This Looney Toon of a presidential election takes me back, gods forbid, to elections past.

It takes me to Nixon-Humphrey, the previous absolute-worst political pairing in my lifetime. Before that, I was political, but only because my mom was political and I took after her. All Democrats were good, all Republicans were Eeeeevil, and John Kennedy was the best Democrat of all because he was handsome and a Democrat and he came to our town campaigning and I almost got to touch him. Life was simple.

I was still too young to v*te when the major parties threw up Nixon and Humphrey. But it was the first time I knew something was rotten on both sides. And Mom’s adoration for the tubby hack from Minnesota merely made me wonder what she’d been smoking (or rather, not smoking, since the smoking people of 1968 were as horrified by Hubie the Mediocre as they were by Milhaus the Whining Retread).

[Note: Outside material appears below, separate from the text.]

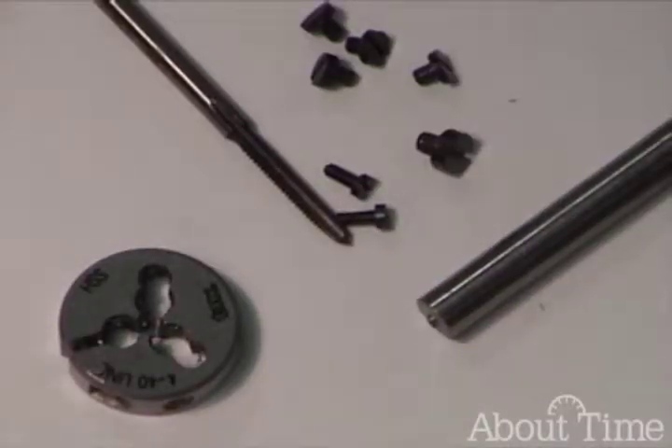Welcome to ClockClass.com. I'm David Labonte. Today we're going to talk about how to make a screw.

I think I may have even declared my intention to leave the country — years ahead of Alec Baldwin and his ilk, but just as insincerely. The fact that I was too young to get a passport excuses me, right? And shortly after that, there were Libertarians and retreaters (the name back then for prepper-survivalists) and cool non-political newsletters from the heady combo of Rothbard and Hess, and many other things besides politics-as-usual to put hopes in.

But this utterly hope-less election of 2016 — with its likely pairing of two megalomaniacs who use government for incessant personal gain and whose “principles” are light enough to blow wherever the next breeze takes them — also takes me back to the one-and-only national election where I felt an actual stirring of hope.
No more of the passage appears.